Speak Out

8 Oct

This has been a hard month for our community.  We have faced legislative defeats, cyber-bullying, physical and emotional abuse, and the heart breaking loss of so many young people.

Asher Brown, Tyler Clementi, Seth Walsh, Billy Lucas, Cody Barker, Raymond Chase, Alec Henrison, and others have all died needlessly in the past few weeks.  Chris Armstrong is the target of maddening cyber-bullying from a government official in Michigan.  There have been alarming incidents of violence in neighborhoods and schools across the country.  Somehow it seems as if the problems we face, while not new, are getting worse.
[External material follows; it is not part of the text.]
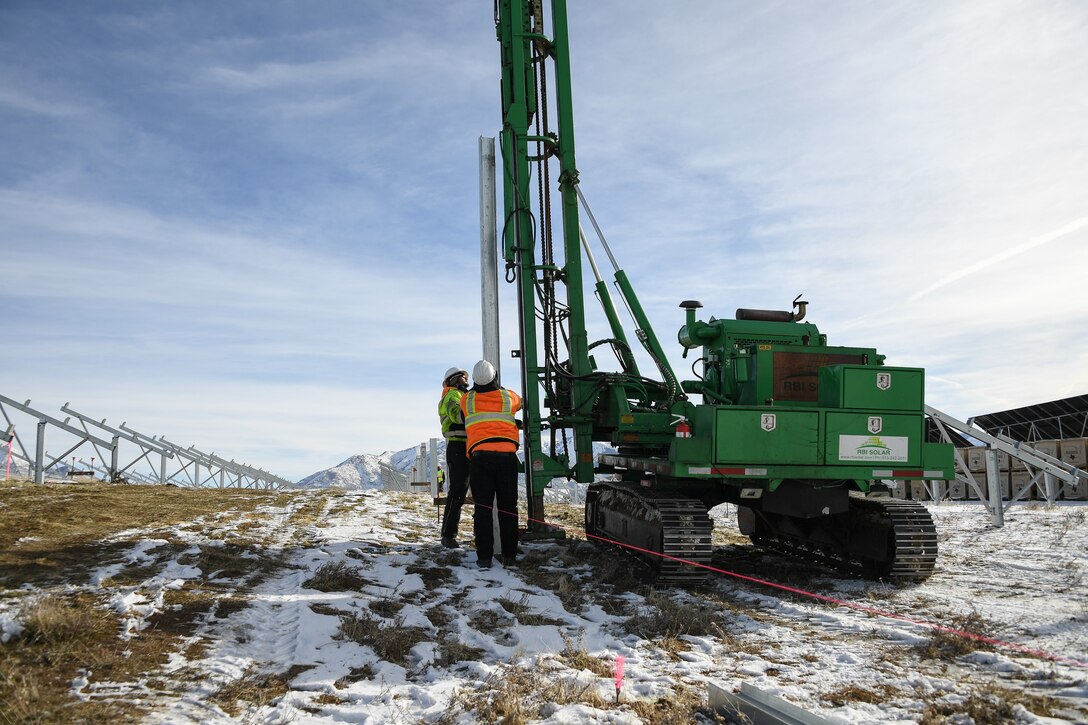 Posts are driven into the ground by a crew installing a new solar array at Hill Air Force Base, Utah, Dec. 14, 2018.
As we make great strides in our movement and become more visible and accepted we can expect an increase in desperation and violence from those who are getting the wrong message:  we are different and should be feared.    This message is being heard by a disheartening number of people and is perpetuated by organizations like the National Organization for Marriage.   The thugs, the occasional Assistant District Attorney, and the schoolyard bullies didn’t come up with this idea on their own.  Determining its root is difficult and sometimes its presence is only detected through tragedy and violence.  Eradicating homophobia is such a large and amorphous problem that it can seem impossible to tackle.

The good news is that we’re winning.  Polls are showing ever-growing support.  In Texas there is majority support for civil unions, this CNN report shows growing support for Marriage nationwide,  and Andrew Sullivan shows that we are making progress across all generations.

We are winning over the hearts and minds of our neighbors.  Talking about Equality with our families, in our classes, and in our workplaces is fueling this change.  Organizations like Freedom to Marry (which has a toolkit for discussing marriage), the Make It Better Project, and the It Gets Better Project are pushing this conversation in public and empowering us to have it in our personal lives.

October 11th is National Coming Out Day.  In light of recent events and in the hope of what we can achieve in the future, what better time to start a new conversation?  When we talk about equality we win.